An increasing need is the sharing of our notebooks. Sure, you can export your notebooks to html, pdf, or even use something like nbviewer to share them. But what if your data changes constantly? What if every time you run your notebook, you expect to see something different? How can you go about sharing something like that?
But what if your data changes constantly? What if every time you run your notebook, you expect to see something different? How can you go about sharing something like that?
In this article, I’ll show you how to create a Jupyter Notebook that fetches live data, builds an interactive plot and then how to deploy it as a live dashboard. When you want to share the dashboard, all you need to share with someone is a link.
Let’s have some fun with the data first.
Getting live Reddit data
We will use Reddit as the source of data for our dashboard. Reddit is a tremendous source of information, and there are a million ways to get access to it. One of my favorite ways to access the data is through a small API called pushshift.
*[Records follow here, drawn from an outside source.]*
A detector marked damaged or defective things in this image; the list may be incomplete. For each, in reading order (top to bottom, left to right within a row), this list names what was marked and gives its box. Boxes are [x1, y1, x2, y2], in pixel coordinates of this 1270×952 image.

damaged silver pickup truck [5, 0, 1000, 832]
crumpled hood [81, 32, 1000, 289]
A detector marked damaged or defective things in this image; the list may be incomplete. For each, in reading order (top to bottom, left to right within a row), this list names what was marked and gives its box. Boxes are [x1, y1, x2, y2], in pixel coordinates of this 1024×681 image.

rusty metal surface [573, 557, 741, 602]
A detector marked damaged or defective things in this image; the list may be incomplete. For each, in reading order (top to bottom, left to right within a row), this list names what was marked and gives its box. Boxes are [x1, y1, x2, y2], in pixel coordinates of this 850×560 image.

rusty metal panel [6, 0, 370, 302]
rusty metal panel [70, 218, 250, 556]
The documentation is right here.
Let’s say you wanted the most recent comments mentioning the word “python”. In python, you could use requests to get a json version of the data:
import requests
url = "https://api.pushshift.io/reddit/search/comment/?q=python"
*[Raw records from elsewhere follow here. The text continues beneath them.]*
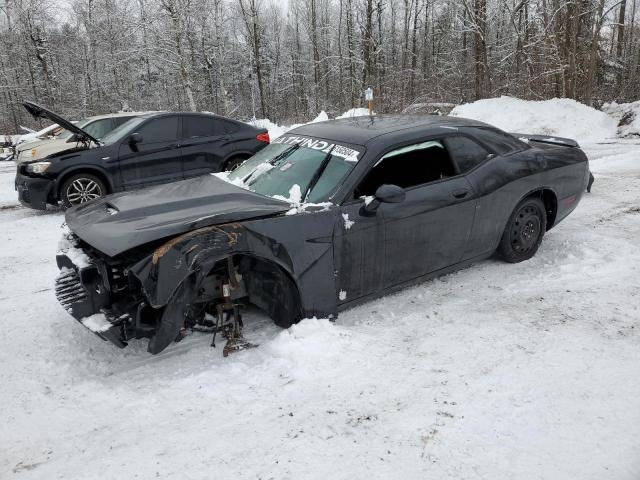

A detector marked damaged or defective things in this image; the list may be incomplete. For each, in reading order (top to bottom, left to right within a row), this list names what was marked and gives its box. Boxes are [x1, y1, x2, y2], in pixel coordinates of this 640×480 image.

crumpled front bumper [56, 253, 129, 346]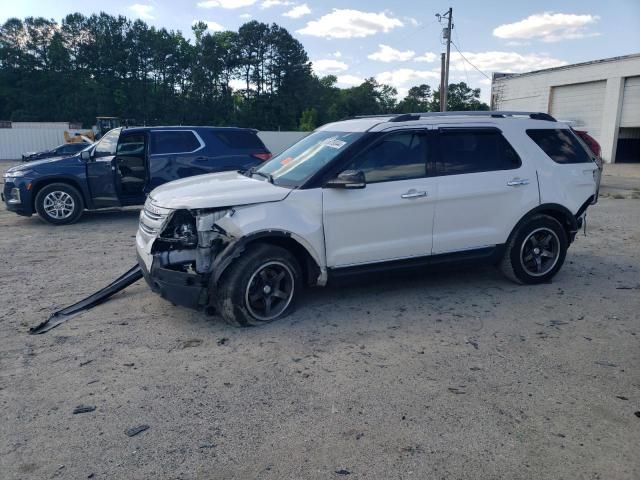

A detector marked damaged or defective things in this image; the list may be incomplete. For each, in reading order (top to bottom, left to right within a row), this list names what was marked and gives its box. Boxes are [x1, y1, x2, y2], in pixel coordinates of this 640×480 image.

crumpled hood [6, 155, 76, 172]
crumpled hood [149, 172, 292, 211]
damaged white suv [134, 112, 600, 326]
detached bumper [138, 253, 210, 310]
crushed front end [136, 199, 234, 312]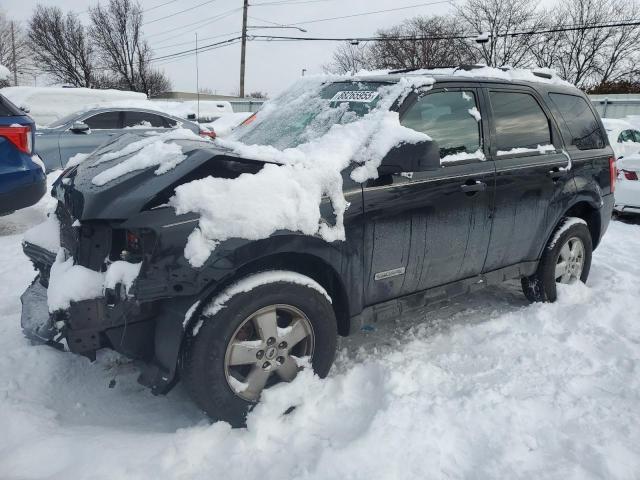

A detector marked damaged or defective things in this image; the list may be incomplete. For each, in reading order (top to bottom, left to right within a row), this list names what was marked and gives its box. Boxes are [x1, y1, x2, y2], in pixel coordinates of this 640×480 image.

crumpled hood [51, 132, 268, 220]
damaged black suv [22, 68, 616, 428]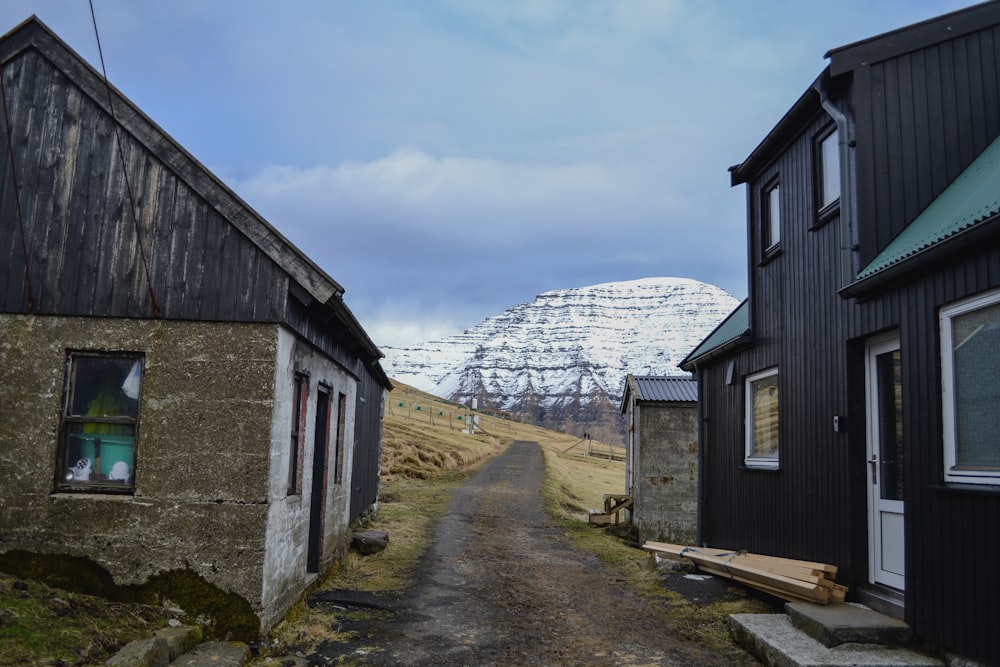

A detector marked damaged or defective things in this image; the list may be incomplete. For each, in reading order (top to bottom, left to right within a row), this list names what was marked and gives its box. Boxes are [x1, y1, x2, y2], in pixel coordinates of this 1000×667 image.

broken window [57, 352, 143, 494]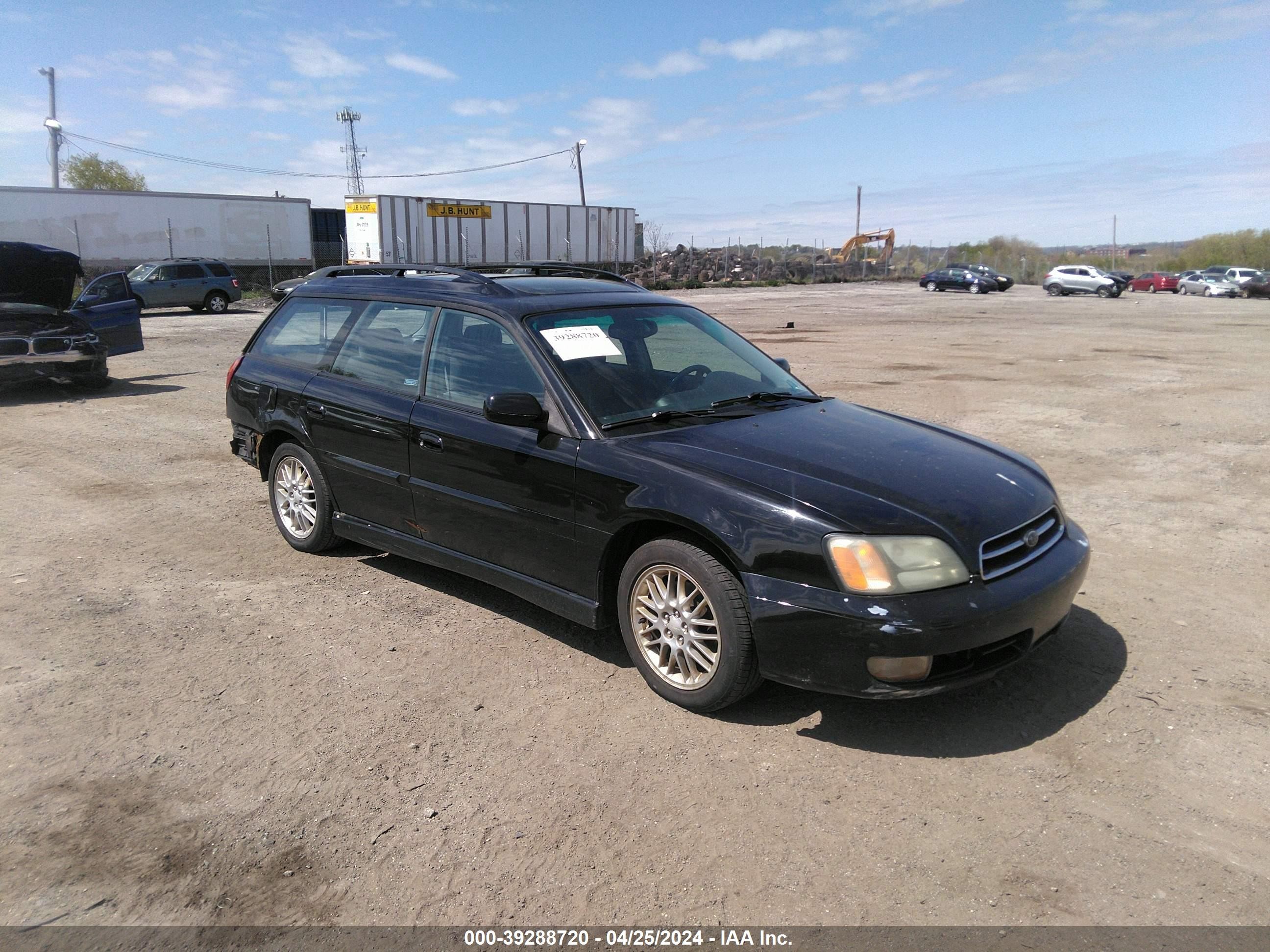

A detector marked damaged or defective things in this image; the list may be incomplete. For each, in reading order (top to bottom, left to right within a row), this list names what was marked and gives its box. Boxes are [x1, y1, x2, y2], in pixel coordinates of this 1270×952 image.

torn bumper [745, 525, 1090, 697]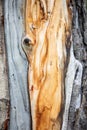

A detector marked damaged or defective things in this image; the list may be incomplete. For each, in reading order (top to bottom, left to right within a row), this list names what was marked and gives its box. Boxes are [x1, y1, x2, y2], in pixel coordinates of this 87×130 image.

splintered wood [22, 0, 71, 129]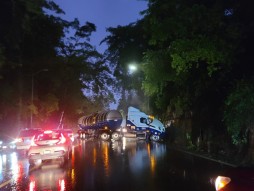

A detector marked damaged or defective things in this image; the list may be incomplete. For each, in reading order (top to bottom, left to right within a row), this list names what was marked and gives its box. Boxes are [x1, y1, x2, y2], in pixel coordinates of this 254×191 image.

overturned tanker truck [77, 106, 166, 142]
request = requests.get(url)
json_response = request.json()
You can add a multitude of parameters to this request, such as:
- in a certain subreddit
- after a certain day
- sorted by up votes
- many more
To make my life easier, I built a function that allows me to call this API as a function:
def get_pushshift_data(data_type, **kwargs):
"""
Gets data from the pushshift api.
data_type can be 'comment' or 'submission'
The rest of the args are interpreted as payload.
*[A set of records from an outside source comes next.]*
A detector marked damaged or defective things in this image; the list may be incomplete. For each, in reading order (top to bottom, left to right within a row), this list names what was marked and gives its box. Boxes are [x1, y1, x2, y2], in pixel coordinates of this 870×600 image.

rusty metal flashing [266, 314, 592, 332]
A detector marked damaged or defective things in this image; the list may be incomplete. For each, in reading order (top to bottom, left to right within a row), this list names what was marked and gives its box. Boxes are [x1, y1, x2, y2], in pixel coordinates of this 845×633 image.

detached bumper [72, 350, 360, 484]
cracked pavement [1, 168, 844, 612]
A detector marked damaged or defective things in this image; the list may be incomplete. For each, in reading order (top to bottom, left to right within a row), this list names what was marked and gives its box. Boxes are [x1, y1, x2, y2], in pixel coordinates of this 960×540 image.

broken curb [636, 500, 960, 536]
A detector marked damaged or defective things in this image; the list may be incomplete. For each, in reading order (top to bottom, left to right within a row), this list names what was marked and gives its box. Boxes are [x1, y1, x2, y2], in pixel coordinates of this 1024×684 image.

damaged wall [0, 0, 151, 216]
Read more: https://github.com/pushshift/api
"""
base_url = f"https://api.pushshift.io/reddit/search/{data_type}/"
payload = kwargs
request = requests.get(base_url, params=payload)
return request.json()
Using the payload
parameter and kwargs
I can then add any payload I wish as a function. For example,
get_pushshift_data(data_type="comment", # give me comments
q="python", # that mention 'python'
after="48h", # in the last 48 hours
size=1000, # maximum 1000 comments
sort_type="score", # sort them by score
sort="desc") # sort descending
returns the json response. Pretty sweet right?
Analyzing the data with Plotly Express
In what subreddits does the word ‘python’ appear more?
To answer the above question, we start by getting the data with our function:
data = get_pushshift_data(data_type="comment",
q="python",
after="48h",
size=1000,
aggs="subreddit")
The aggs
keyword asks pushshift to return an aggregation into subreddits, which basically means, group the results by subreddit. (read about it in the documentation)
Since the json response is pretty nested, we’ll need to navigate a bit inside of the dictionary.
data = data.get("aggs").get("subreddit")
And we transform the list of dictionaries returned into a pandas DataFrame, and get the top 10.
df = pandas.DataFrame.from_records(data)[0:10]
Here’s what our DataFrame looks like:
doc_count | key | |
---|---|---|
0 | 352 | learnpython |
1 | 220 | AskReddit |
2 | 177 | Python |
3 | 139 | learnprogramming |
These are the names of the subreddits where the word python
appears most frequently in their comments !
Let’s plot our results with the Ploty Express library. Plotly Express is great, in my opinion, if you want to:
- create figures quickly.
- create figures that are a bit more interactive than matplotlib.
- don’t mind a bit more installation and (imo) a bit less documentation.
Here’s all the code you need:
import plotly.express as px
px.bar(df, # our dataframe
x="key", # x will be the 'key' column of the dataframe
y="doc_count", # y will be the 'doc_count' column of the dataframe
title=f"Subreddits with most activity - comments with 'python' in the last 48h",
labels={"doc_count": "# comments","key": "Subreddits"}, # the axis names
color_discrete_sequence=["blueviolet"], # the colors used
height=500,
width=800)
Yes, perhaps a bit more verbose than matplotlib, but you get an interactive chart!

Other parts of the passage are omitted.